**Problem to work on:**
Make an exact copy of all the records that follow, apart from the pictures.
- Opening Delimiter -
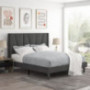 Allewie Full Size Platform Bed Frame with Upholstered Geometric Wingback Headboard/Mattress Foundation with Wood Slat Support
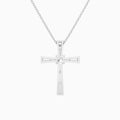 Round Solitaire Lab Grown Diamond Cross Pendant Necklace In 14K White Gold - Back View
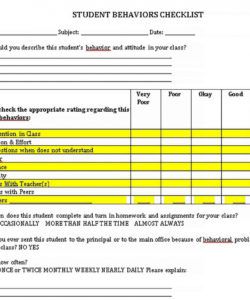 editable behavior checklist template  welding rodeo designer student behavior checklist template samples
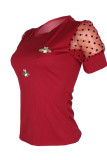 Red Fashion Casual Embroidery Patchwork O Neck Tops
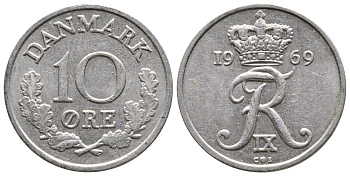 Дания 10 эре 1969 C,S, Фредерик IX (1947-1972) KM 849.1 медно-никель 26-926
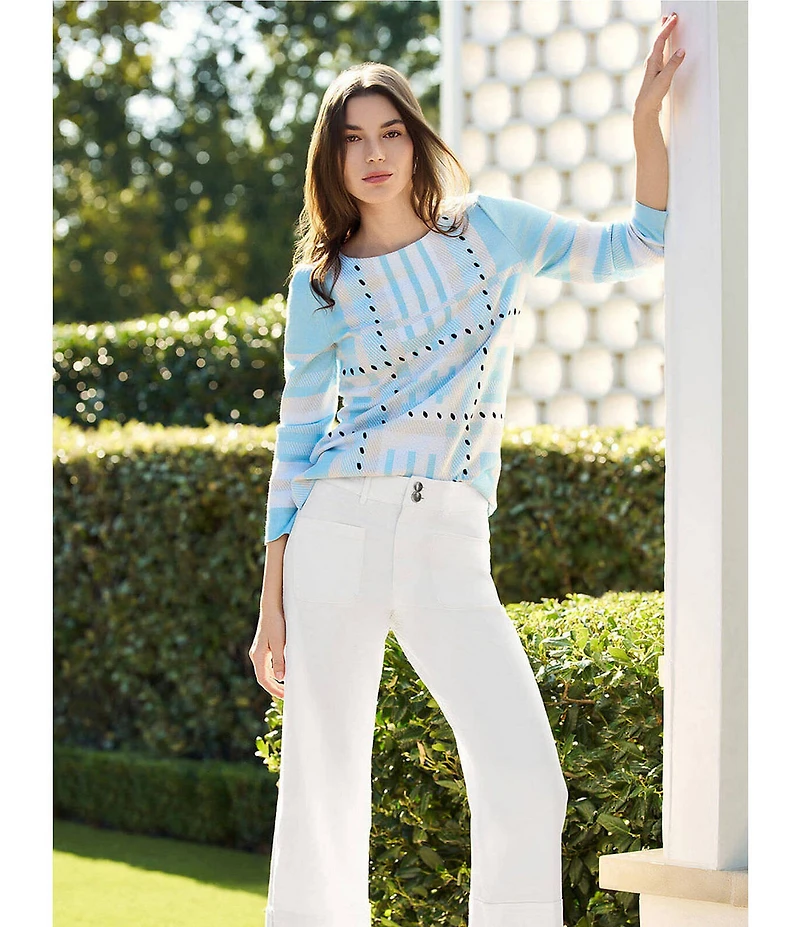 Ming Wang x Family Savvy Denim Wide Leg Cropped Cuff Jeans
- Closing Delimiter -
**Task solution:**
 Allewie Full Size Platform Bed Frame with Upholstered Geometric Wingback Headboard/Mattress Foundation with Wood Slat Support
 Round Solitaire Lab Grown Diamond Cross Pendant Necklace In 14K White Gold - Back View
 editable behavior checklist template  welding rodeo designer student behavior checklist template samples
 Red Fashion Casual Embroidery Patchwork O Neck Tops
 Дания 10 эре 1969 C,S, Фредерик IX (1947-1972) KM 849.1 медно-никель 26-926
 Ming Wang x Family Savvy Denim Wide Leg Cropped Cuff Jeans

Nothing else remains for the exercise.